DATASET SECTION Start Marker

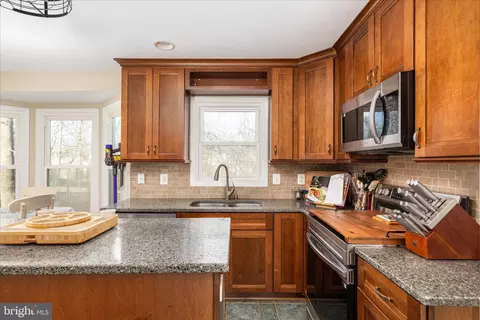 Kitchen - 10245 Battlefield Dr, Manassas, VA 20110 photo 3 of 5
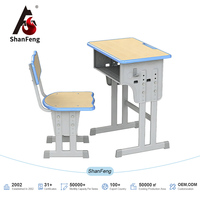 Ensemble bureau et chaise pour étudiants en HDF ignifuge, hauteur réglable, avec poche pour sac à dos, pour salles de classe du collège et du lycée (vente en gros)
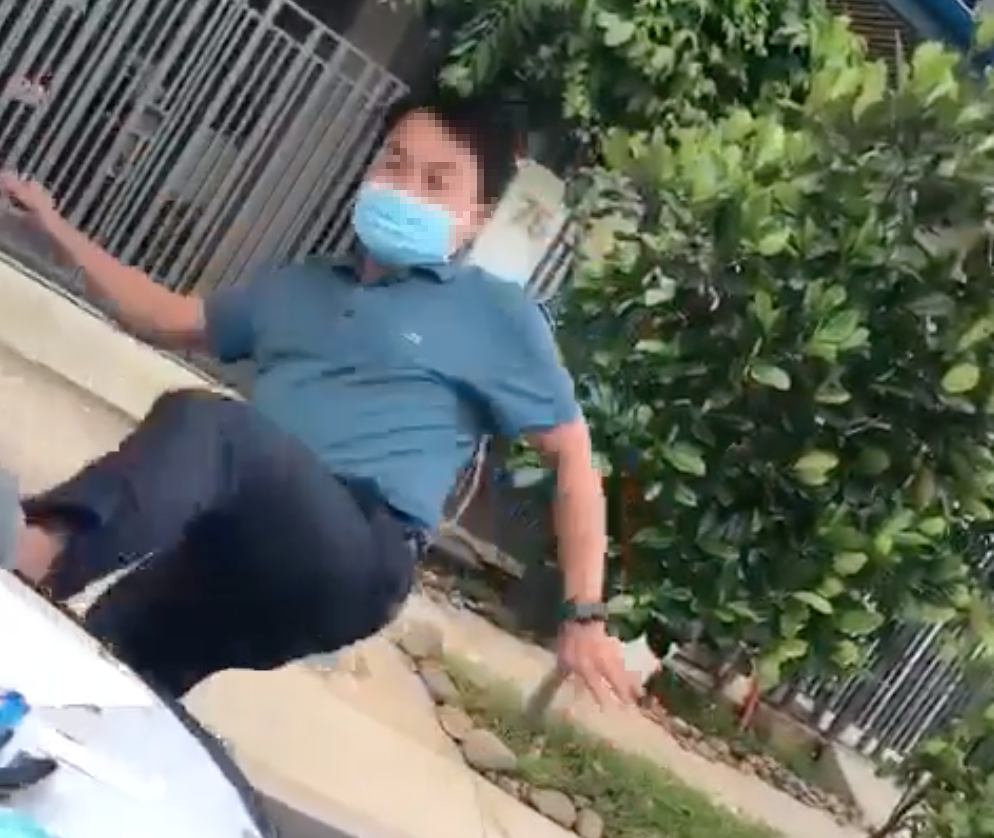 Người đàn ông đạp đổ bàn của nhân viên y tế ảnh 1 Nguoi dan ong dap do ban cua nhan vien y te anh 1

DATASET SECTION End Marker

Pictures in the listing above must be skipped; everything else should be copied exactly.

 Kitchen - 10245 Battlefield Dr, Manassas, VA 20110 photo 3 of 5
 Ensemble bureau et chaise pour étudiants en HDF ignifuge, hauteur réglable, avec poche pour sac à dos, pour salles de classe du collège et du lycée (vente en gros)
 Người đàn ông đạp đổ bàn của nhân viên y tế ảnh 1 Nguoi dan ong dap do ban cua nhan vien y te anh 1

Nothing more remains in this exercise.